In the real world, most property is a mix of all the above.
(Question) What about trees larger than 8"?
(Answer) Often, customers prefer to leave the larger trees for shade, curb appeal, habitat, etc. However, removal of larger material can be performed as well through various means. It can be cut down and stumps mulched or removed via mini-excavator and the holes from the root system filled back in. Material can be removed from site via truck, stacked for burning, or cut and split for firewood. Some material even has value to local sawmills and can help offset the cost of removal.
(Question) What is the best time of year to have mulching done?
(Answer) It really doesn't matter, with the exception of weather. It's easier to see and asses the job in Winter when all the leaves have fallen, but ultimately, the job will take the same amount of time no matter the season. However, despite the machine having tracks and very low ground pressure, there's a point where rain or snow will make the site inaccessible. Here in Oklahoma, the rainy season can last the entire spring during some years (like 2019!). Summer heat can take it's toll on the machine as well, and requires more cool down time mid day.
(Question) How does mulching compare to using a dozer?
(Answer) There's really no comparing the two. However, I'll do my best to try:
Bull Dozers are exceptional at doing what they were designed to do; moving dirt. Consequently, in order to remove growth material, 8" to 10" of the topsoil has to be completely ripped up, the material removed, and as much of the topsoil as possible re-distributed back across the surface. Much of the smaller material will remain sticking up out of the soil unless a root rake is used, which disturbs the surface even further down. The remaining soil will absolutely be subject to erosion if there's any slope to the land whatsoever. As the earth settles back into place, holes will form in the surface where stumps were removed, and the ground will often be left very uneven requiring further dirt work.
With a mulcher, the growth material is removed above ground and re-distributed across the surface. If a very fine appearance and quick re-growth is desired, the remaining mulch may be turned into the topsoil disturbing only the top 1" of soil. Roots and material remain, stabilizing the soil surface and preventing erosion. Stumps are mulched below topsoil level and decompose into additional topsoil themselves. No holes are created and the surface is left smoother than before the mulching began.

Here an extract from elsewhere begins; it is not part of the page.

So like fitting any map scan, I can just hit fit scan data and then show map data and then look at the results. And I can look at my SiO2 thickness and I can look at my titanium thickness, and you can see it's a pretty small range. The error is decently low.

No additional work is required.
With a dozer, trees and brush are pushed into piles. These piles have to be dealt with somehow. They can be loaded into trucks and hauled off (adding additional expense), burned on site where permissible (adding additional labor), or left to remain on premises for 30+ years while they decompose into unsightly mounds of dirt.

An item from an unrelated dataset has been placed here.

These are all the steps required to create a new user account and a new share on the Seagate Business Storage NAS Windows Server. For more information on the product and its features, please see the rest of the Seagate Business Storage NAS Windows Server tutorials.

With a mulcher, there are no additional expenses of hauling off material, no time spent burning, re-stacking, re-burning, and no unsightly piles or remains. In fact, old dozer push piles can be mulched and distributed into the surrounding soil smoothing out the land and improving the appearance.

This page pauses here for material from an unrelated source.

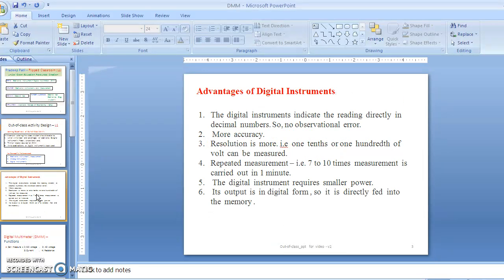Digital instruments have a number of advantages compared with analog instruments. The very first advantage is that the reading is indicated directly in decimal numbers, so automatically there is no observation error — specifically, parallax error is removed. This means more accuracy is there with digital instruments, and the resolution is also greater compared with analog instruments.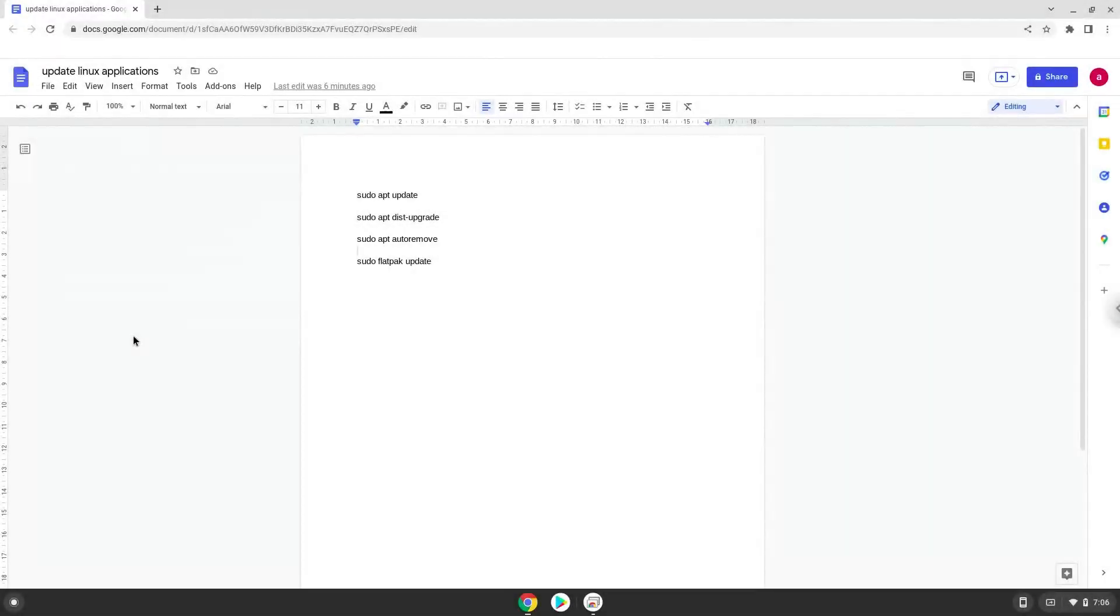Hello. Today we are looking at how to update the Linux container on a Chromebook. Firstly, we will open a terminal session from our app menu.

Dozers weigh a LOT, and running on steel tracks, consequently tend to pack the soil underneath them. When operating near trees you wish to keep, they stand a good chance of killing the root system. It's also expensive to haul them in and out, and often requires building roads to get them onto the site.
Compact track loaders with mulching heads have very low ground impact due to their lite weight and wide rubber tracks. They can be driven across lawns, over tree roots, and between objects to get into and out of the work site.
(Question) What do I need to consider when hiring a mulcher for my project?
(Answer) All mulchers are NOT created equal! In fact, because of the gaining popularity and huge benefits of mulching, the term is being used to describe all sorts of equipment that does everything except mulch. It's even being applied to brush hog devices now. Truth is, mulching has been around for about 20 years now, but is just gaining in popularity lately due to the advances in true mulching equipment. There are really only two types of mulching attachments on the market today; disk mulchers and drum mulchers.
Disk mulchers look and operate similar to a brush hog, but have a large spinning disk with mulching teeth on it. They are efficient at cutting material down, and do a decent job of mulching small material. Larger material is generally ripped into large shreds and thrown long distances. Disk mulchers are at home far away from any structures or livestock and where finished product or appearance is not a priority.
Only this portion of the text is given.